## [Prompt]
Reproduce the lines below exactly. Skip images.

## [Dataset]
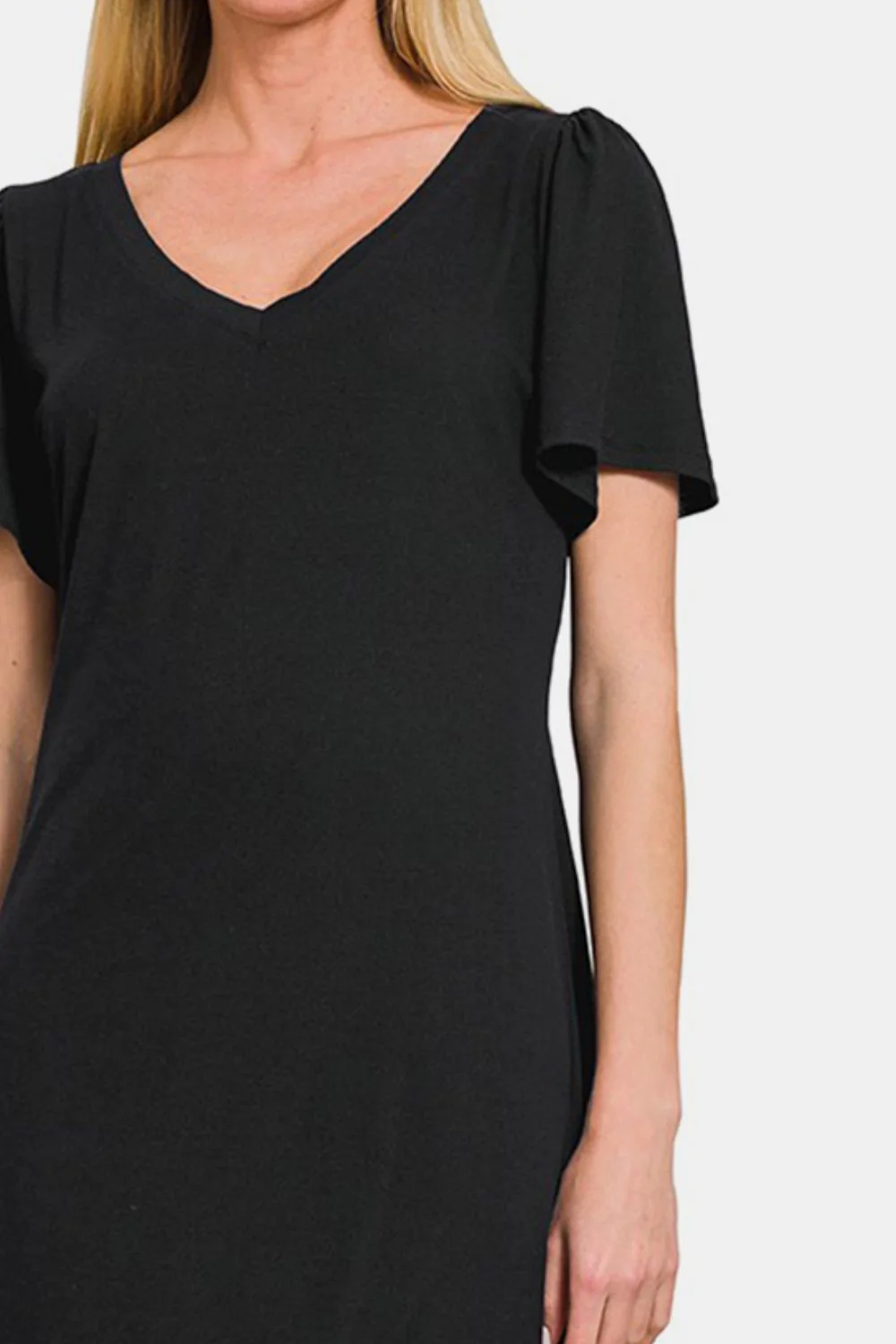 Zenana V-Neck Short Sleeve Dress - Image 3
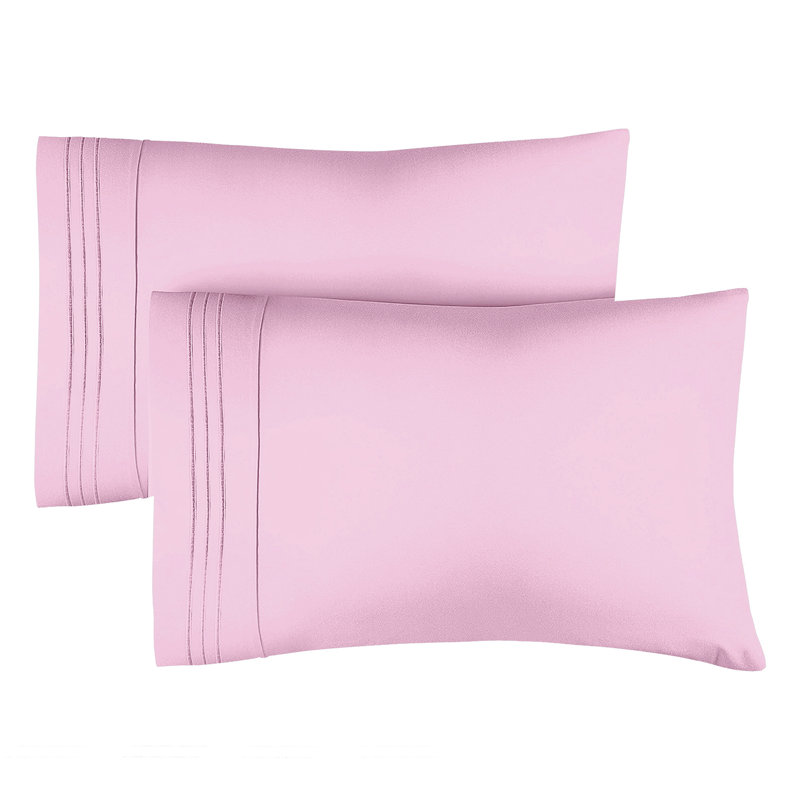 Microfiber Pillowcase Set of 2, Soft Double Brushed Pillow Covers, Breathable & Easy Care, Pink, King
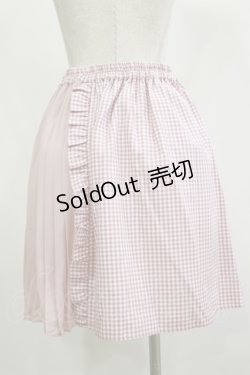 画像2: axes femme kawaii / チェック柄切り替えスカート M ピンク H-26-02-16-035-AX-SK-NS-ZH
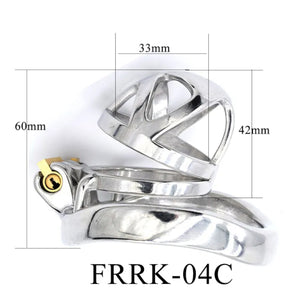 Stainless Steel Short Chastity Cock Cage #04C with 45 mm Curved Ring Buy in Singapore LoveisLove U4Ria 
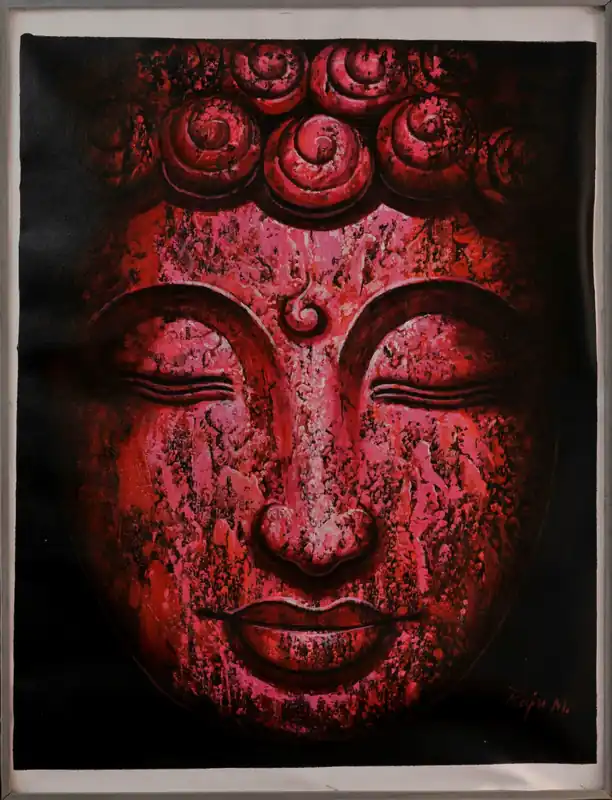 Peinture sur toile abstraite du Bouddha méditatif à l’huile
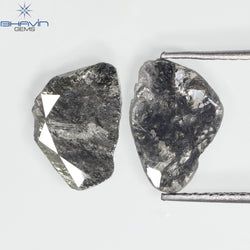 1.92 CT/2 Pcs Slice Shape Natural Diamond Salt And Pepper Color I3 Clarity (11.38 MM)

## [Response]
 Zenana V-Neck Short Sleeve Dress - Image 3
 Microfiber Pillowcase Set of 2, Soft Double Brushed Pillow Covers, Breathable & Easy Care, Pink, King
 画像2: axes femme kawaii / チェック柄切り替えスカート M ピンク H-26-02-16-035-AX-SK-NS-ZH
 Stainless Steel Short Chastity Cock Cage #04C with 45 mm Curved Ring Buy in Singapore LoveisLove U4Ria 
 Peinture sur toile abstraite du Bouddha méditatif à l’huile
 1.92 CT/2 Pcs Slice Shape Natural Diamond Salt And Pepper Color I3 Clarity (11.38 MM)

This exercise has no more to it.